**Directions**
A precise copy of the data is required, with every picture left out.

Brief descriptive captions

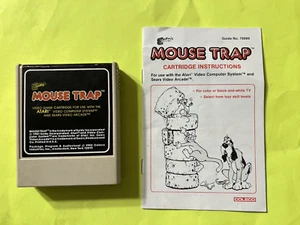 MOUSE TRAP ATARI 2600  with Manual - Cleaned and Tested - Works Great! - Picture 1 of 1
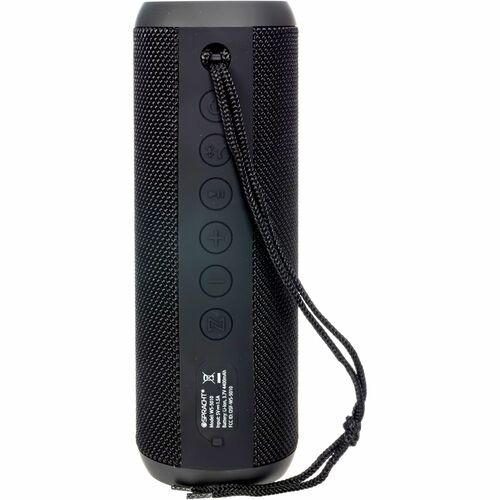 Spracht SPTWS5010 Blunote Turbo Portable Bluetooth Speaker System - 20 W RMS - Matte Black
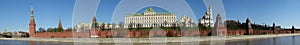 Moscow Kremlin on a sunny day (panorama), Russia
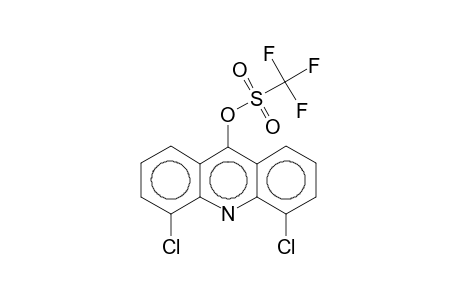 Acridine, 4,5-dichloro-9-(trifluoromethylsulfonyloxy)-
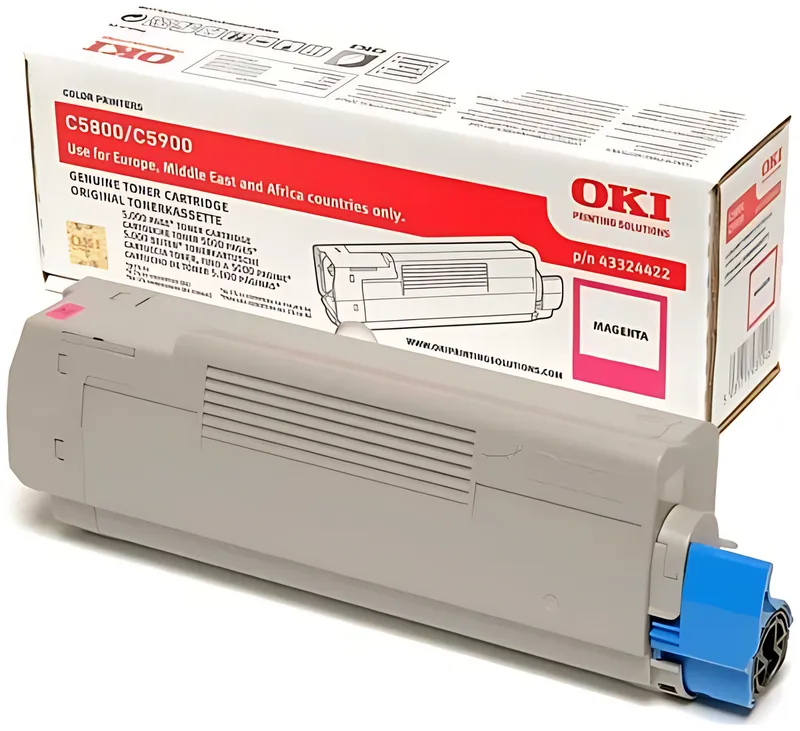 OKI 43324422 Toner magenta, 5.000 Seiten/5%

**Answer box**
 MOUSE TRAP ATARI 2600  with Manual - Cleaned and Tested - Works Great! - Picture 1 of 1
 Spracht SPTWS5010 Blunote Turbo Portable Bluetooth Speaker System - 20 W RMS - Matte Black
 Moscow Kremlin on a sunny day (panorama), Russia
 Acridine, 4,5-dichloro-9-(trifluoromethylsulfonyloxy)-
 OKI 43324422 Toner magenta, 5.000 Seiten/5%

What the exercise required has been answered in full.